What's real and going on below...

Open Letter to Father Calhoun:

I don't know if I'd ever have the courage to say any of this to you in person. Thankfully, I have this at my disposal, a tool which I've not only found useful, but effective in getting a message across to people. Apparently more people read this site than I originally suspected.

I was brought up to have the utmost respect for the clergy. You don't make jokes with the priest, you don't talk back to the priest, you don't turn your back on the priest. Stuff like that. For a very long time, it's served me quite well. I can't say I've known any priests as well as I've come to know you, though. I was too young when Fr. Murray left to have been able to make any appreciable connection. And Fr. O'Connor had the ability to be aloof. I'm sure he didn't mean to, but it was something I felt, as a child.

And then Fr. Maguire was taken from the parish after only three short years. He absolutely turned the parish around - revived the CCD program, restored attendance figures, and saved our church from the potential of a 'red-light' classification, a distinction of which I'm sure I need not clarify. Granted, Fr. Maguire was one for the more ritualistic aspects of the church, and thus didn't condone much loitering and idle chatter after the Mass ended. "The Mass has ended" meant "we're done; now go home."

But I will admit to getting to know you a great deal better than any of your predecessors with whom I was familiar. You've dined at my house on a number of occasions, and you're always willing to talk to us about whatever we wish, be it the dogs, the weather, or the church. And I thank you for that, and for your friendship. Don't think I haven't noticed that every time somebody you know comes up for the Eucharist, you address them by name.

But like I said, I have the utmost respect for anybody willing to take on the vows of the priesthood, and it's caused a lack of honesty on my part with you. On at least the most recent occasion that you visited my house, likely between Christmas and New Year's last year, I deliberately made myself scarce. I've disagreed with your stance on the church closing issue for quite some time now, but I wouldn't disrespect you or the office you hold by making this a grand point of mine.

"'The time has come', the Walrus said, 'to talk of other things.'" I played that strategy for a long time. Rather than being up-front and honest about what I thought about the position you were taking, I bit my tongue and instead conversed with you over other topics, if and when we ever spoke.

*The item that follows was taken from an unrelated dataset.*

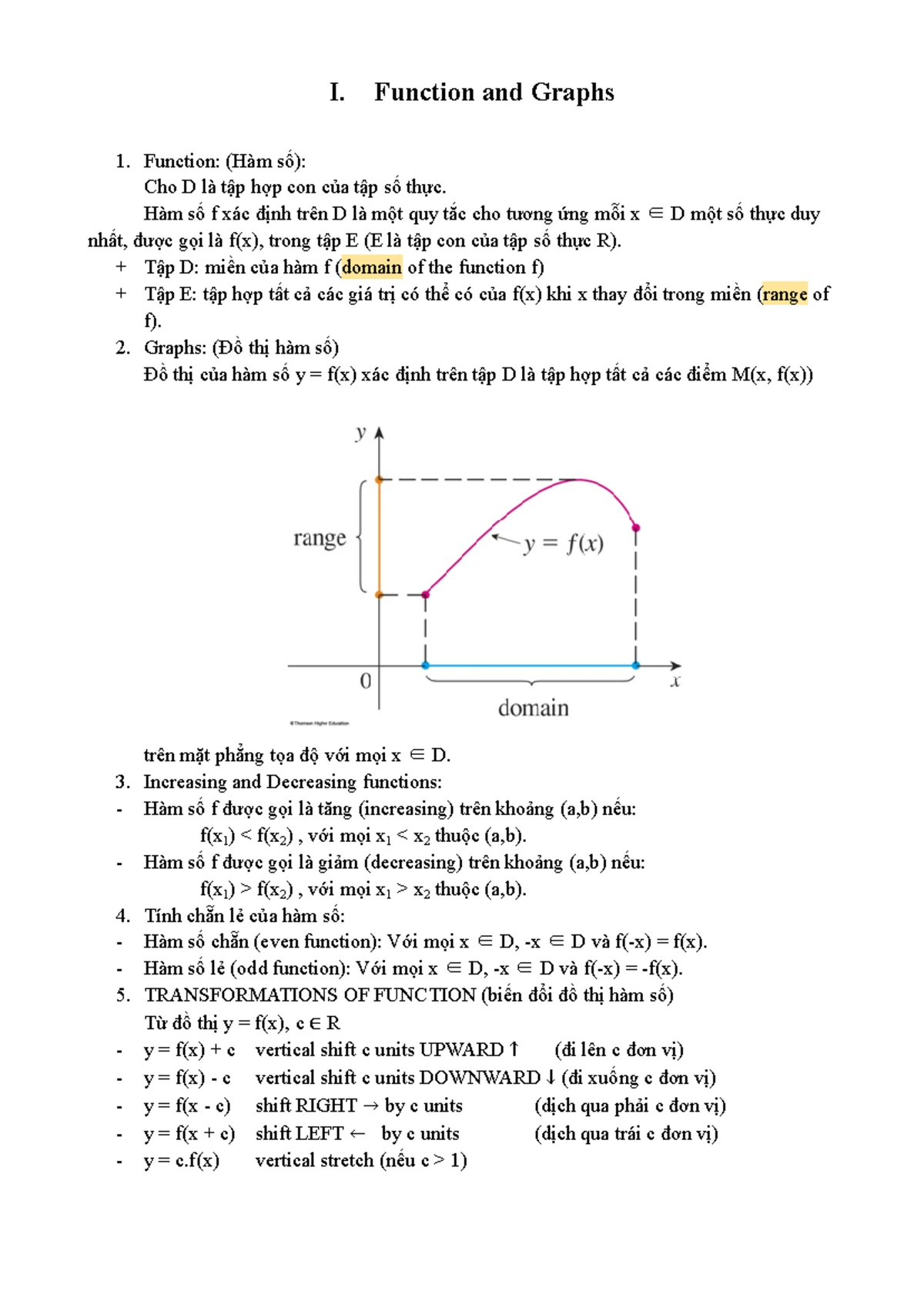 MAE101 tổng hợp kiến thức PT1 2 - I. Function and Graphs Function: (Hàm ...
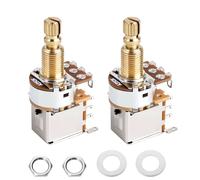 Banworks Full Brass A250K M8 Thread Push Push Guitar Pots Metric Sized 18-Spline Split Long Shaft (18mm Length) Audio Taper Potentiometers for Squier, Epiphone, Ibanez, ESP Guitars 2Pcs JT/XNQ-05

However, with this forum, I no longer will hide behind that shield. There are things I want to say, and right now, I'm going to say them in the way I best know how, through my fingers, rather than my tongue.

What will you do if and when this is all overturned? That would absolutely be a slap in the face to all you've tried to accomplish since your re-assignment. I will admit, I refused to consider the possibility last May that we would be listed to close. I didn't want to cross that bridge until we got to it, and even then, I didn't want to cross it at all. But now that bridge is crossed and burned. We can never go back to the way it was last April.

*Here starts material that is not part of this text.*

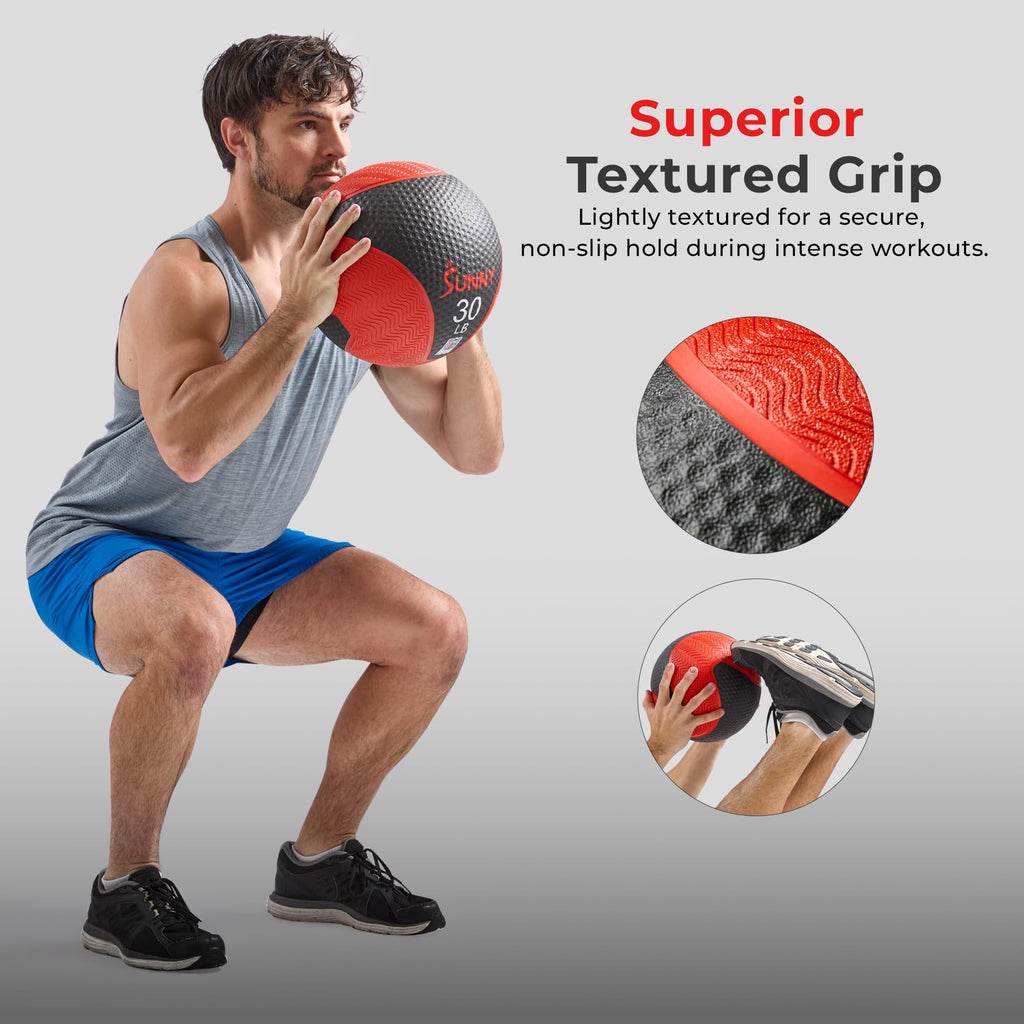Sunny Health & Fitness Medicine Ball, Textured Rubber, Core Strength & Balance Training, Bouncing, Weight for Home Workouts 4,6,8,10,12,15,20,25,30LB Options
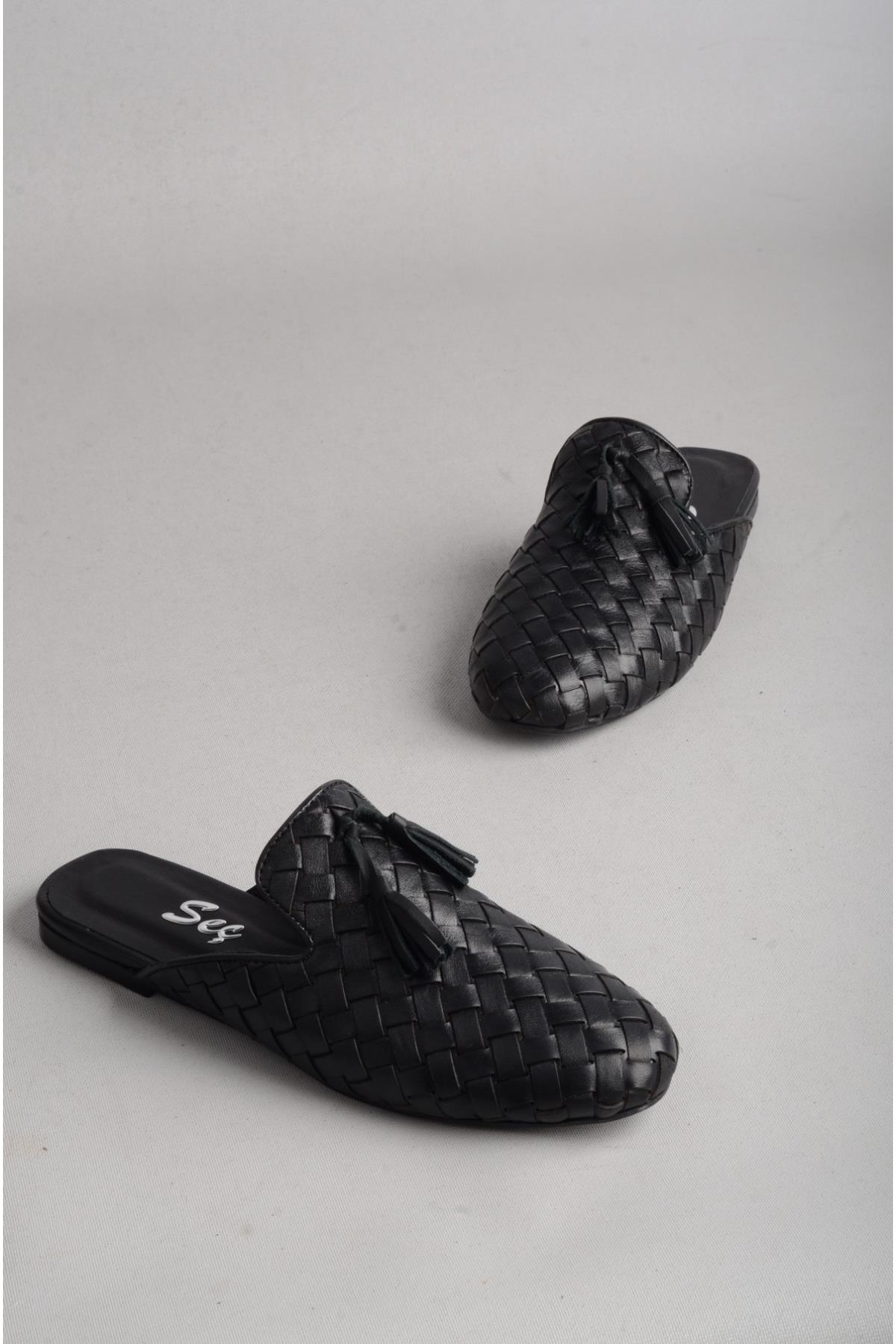 SEÇ 8159 HAKİKİ DERİ ÖRGÜ KADIN TERLİK SİYAH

I have great faith that my church, my home church, will be open to see another Easter, another fifty Easters, another one hundred Easters. What will you say when this comes to fruition? 'Gee, folks, I wanted you all to go with me to St. George, but now that we don't have to, c'mon back!' I don't think it's going to fly that easily. We've been jerked around one too many times, and whiplash has begun to set in.

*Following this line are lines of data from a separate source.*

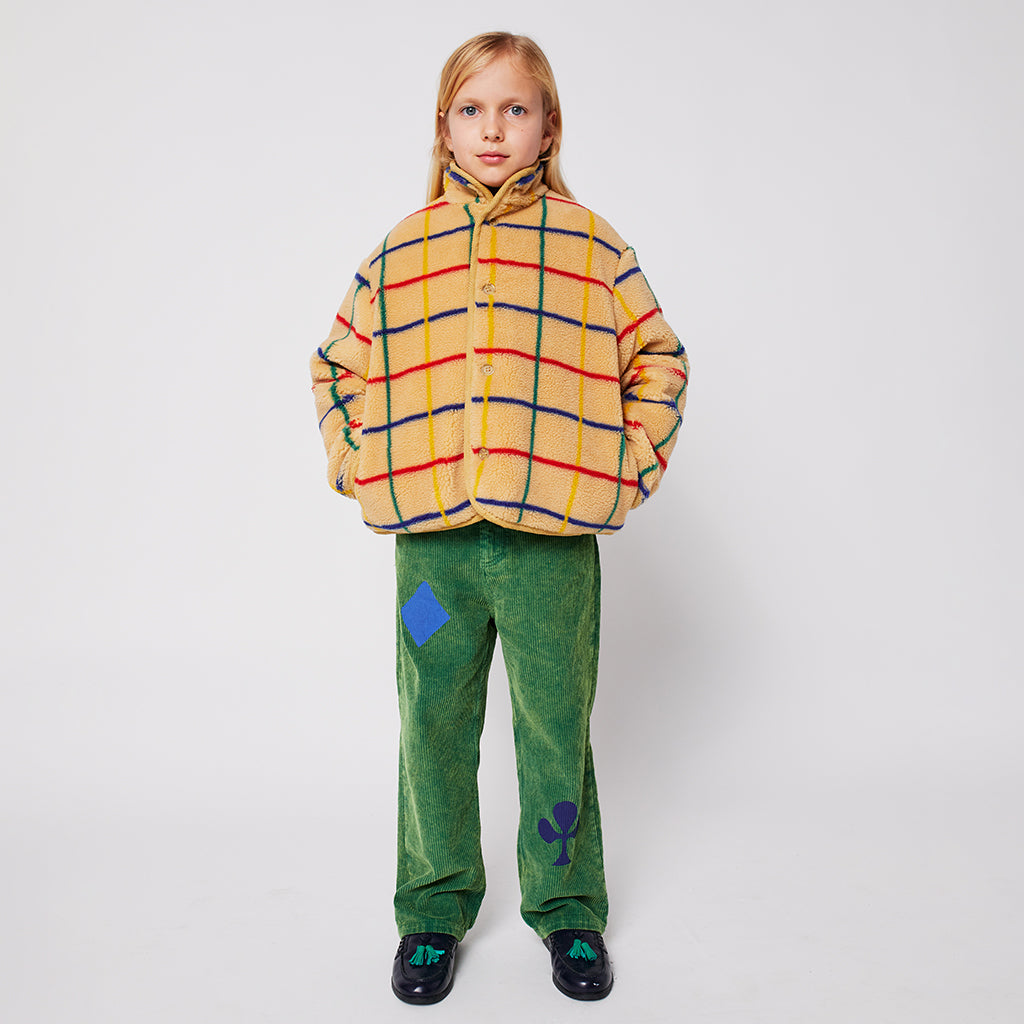 Bobo Choses Child Coloured Stripe Teddy Jacket Beige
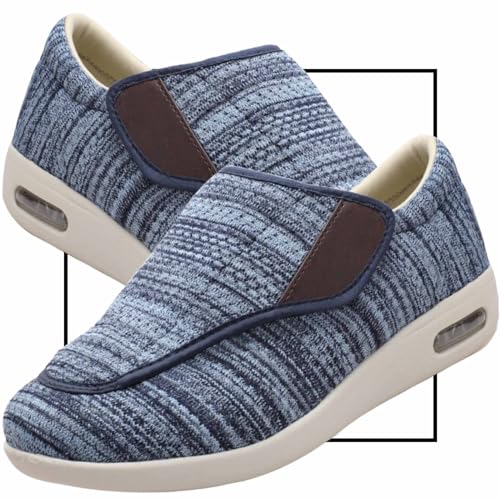 Slip On Loafer für Herren Diabetiker Sandalen Herren Extra Weit Orthopädische Schuhe mit Klettverschluss Verstellbare Gesundheitsschuhe Bequemer Rehaschuhe(Color:LightBlue,Size:36 EU) von Möge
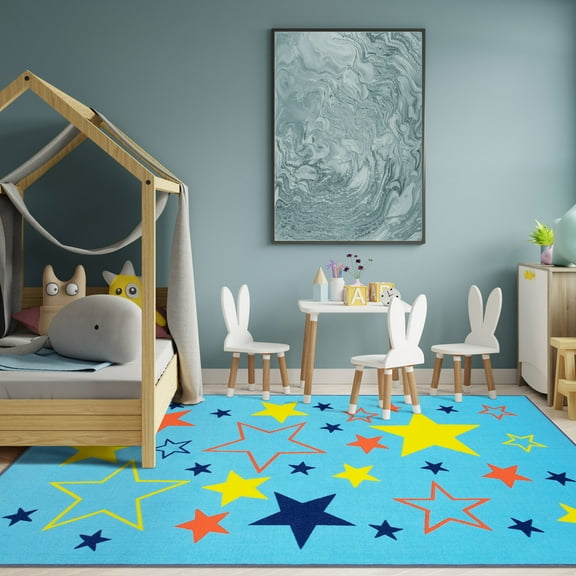 BNM All Star Kids Washable Indoor Area Rug, 4' x 6', Blue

How will you bring back the flock you've tried so hard to move? As my journalism teacher would say, 'the toothpaste is out of the tube.' It's become painfully clear that even when you feel the Archdiocese is completely in the wrong, you're willing to bite the bullet and take what they give you. And while, for some, this is a respectable trait, I wish you hadn't taken that position. No, I'm not asking you to fall on your sword, like Fr. Fitzgerald and Fr. Bowers have. But even in private, when there is no threat to your job security, you've expressed a hope that we'd all just give up our Crusade and follow down the road.

But what I am doing is just that, a Crusade. In stark contrast to your homily today, I have never been sad about the situation I'm in. I have been in denial; I have been indignant; and yes, I have even, at one point, come to an acceptance of the fact. But that was short-lived, and now, I am defiant. Perhaps I am one of a small group of those who were never convinced it was over. The small group who never became 'saddened' by it. That morning, I shed nary a tear nor a sigh for my church, but the wounds inflicted upon me began to fester. And, as a dog which has been scarred in a fight, I come back stronger than I did before.

I can picture your response to this letter: 'I'm sorry you feel that way.' But I have no doubts for you to assuage, nor fears for you to calm. What I have is my wrath, and I will not let that be put aside so simply.

I do not write this as an act of disrespect. I write this as an explanation for my behavior over the past six months. I write this so that you may know that I cannot, out of my respect for your position, just allow this to happen. That respect is part of what drives me. You might feel that you cannot speak out quite publicly about your disapproval, so I am taking that burden upon myself. My grievances with you come from your attempts to stop me.

And I pray that you begin work on the speech of rededication for this parish, for I remain ever-faithful that you will need that in two weeks.